Dataset section below:

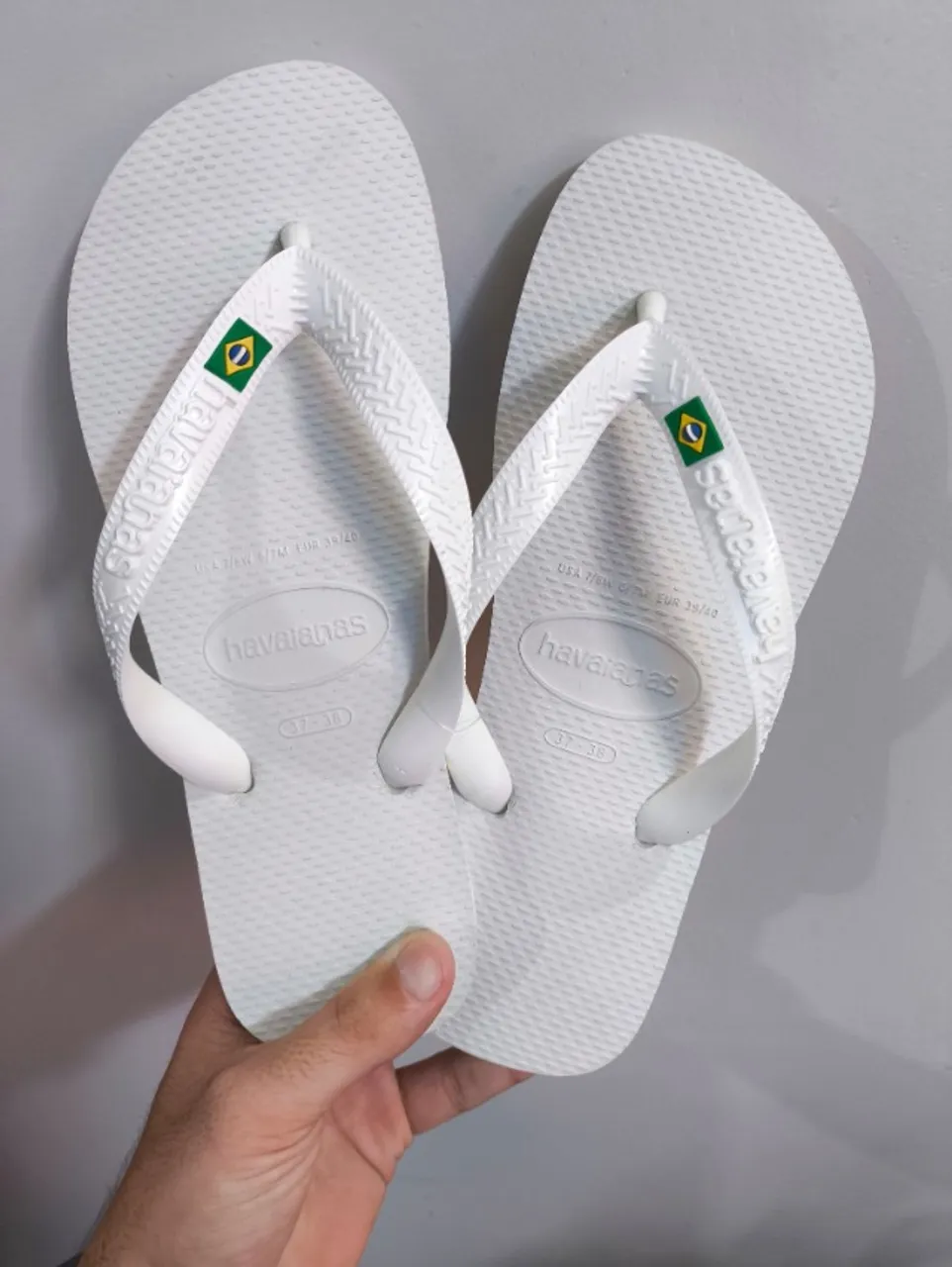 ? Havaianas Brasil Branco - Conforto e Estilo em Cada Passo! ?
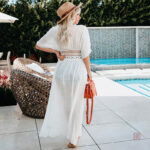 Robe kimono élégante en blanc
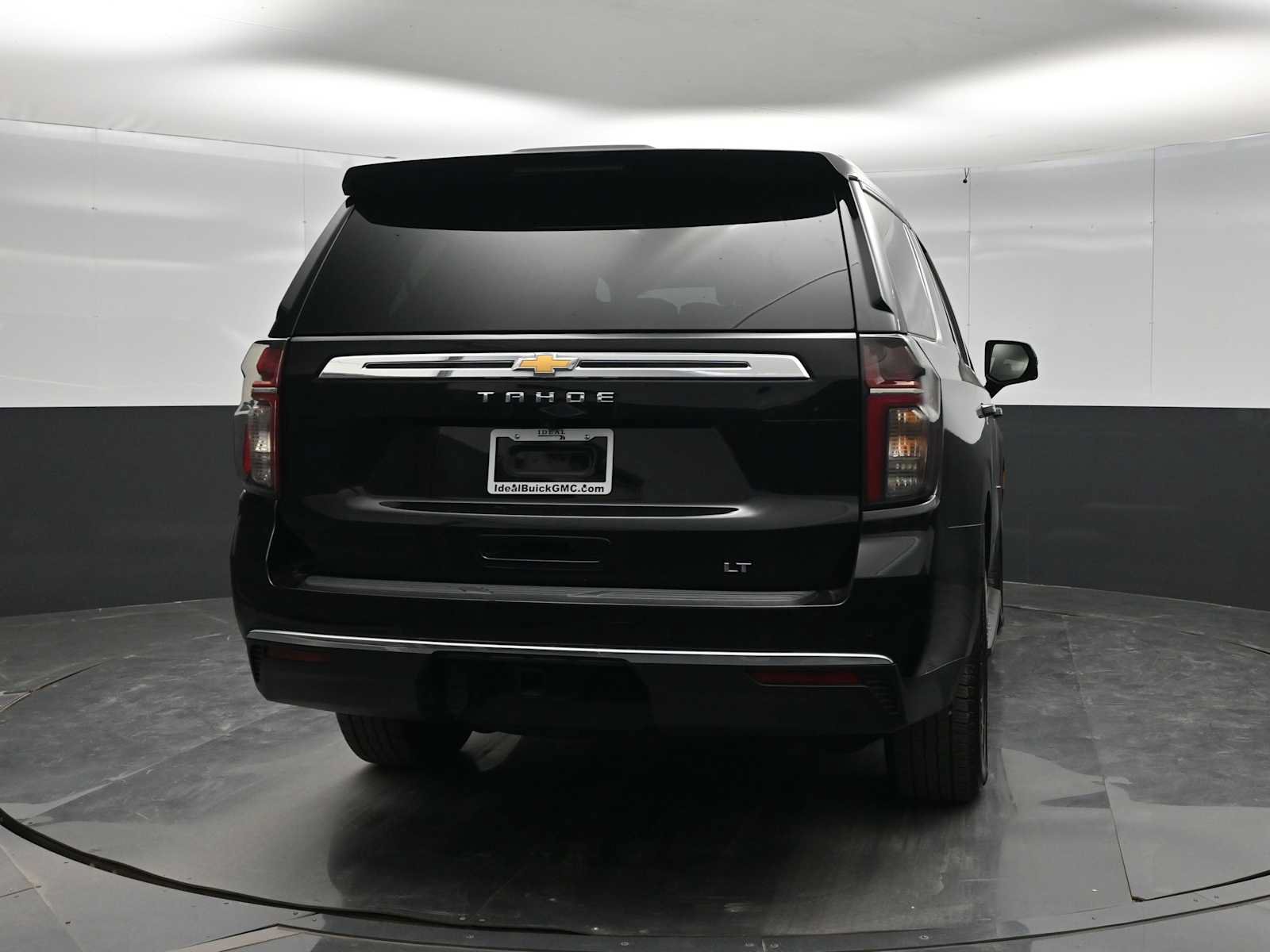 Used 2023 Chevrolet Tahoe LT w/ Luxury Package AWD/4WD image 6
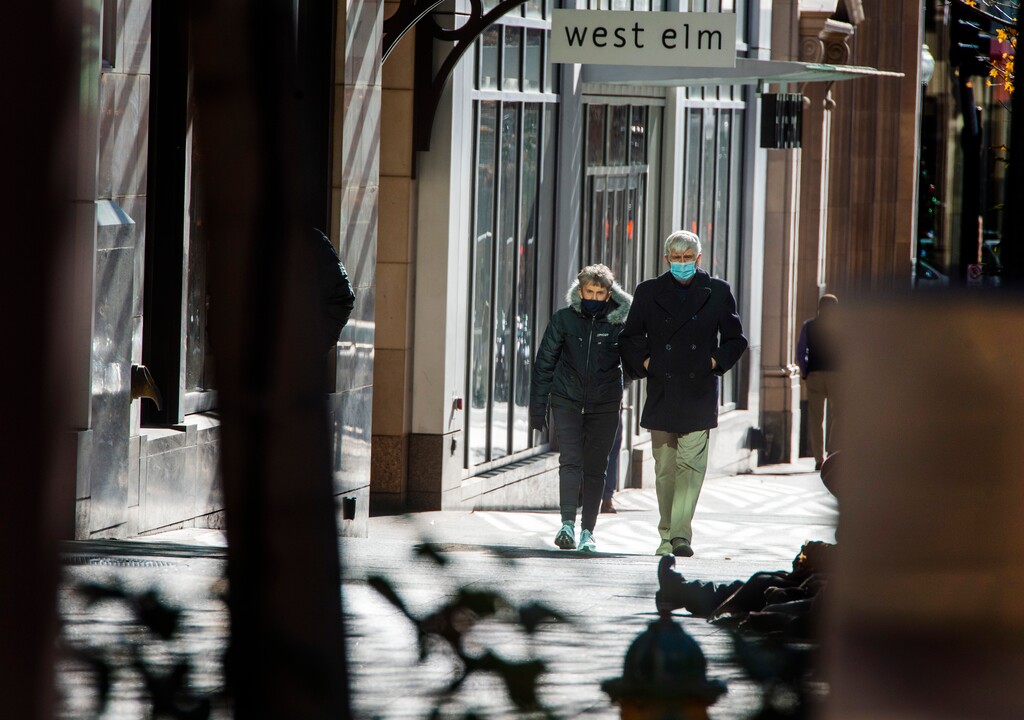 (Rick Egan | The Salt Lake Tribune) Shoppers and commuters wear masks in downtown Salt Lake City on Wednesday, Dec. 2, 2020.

End of Dataset section.

* _What you have to do_
Pictures stay out; print everything else in the data exactly.

* _Answer for this exercise_
 ? Havaianas Brasil Branco - Conforto e Estilo em Cada Passo! ?
 Robe kimono élégante en blanc
 Used 2023 Chevrolet Tahoe LT w/ Luxury Package AWD/4WD image 6
 (Rick Egan | The Salt Lake Tribune) Shoppers and commuters wear masks in downtown Salt Lake City on Wednesday, Dec. 2, 2020.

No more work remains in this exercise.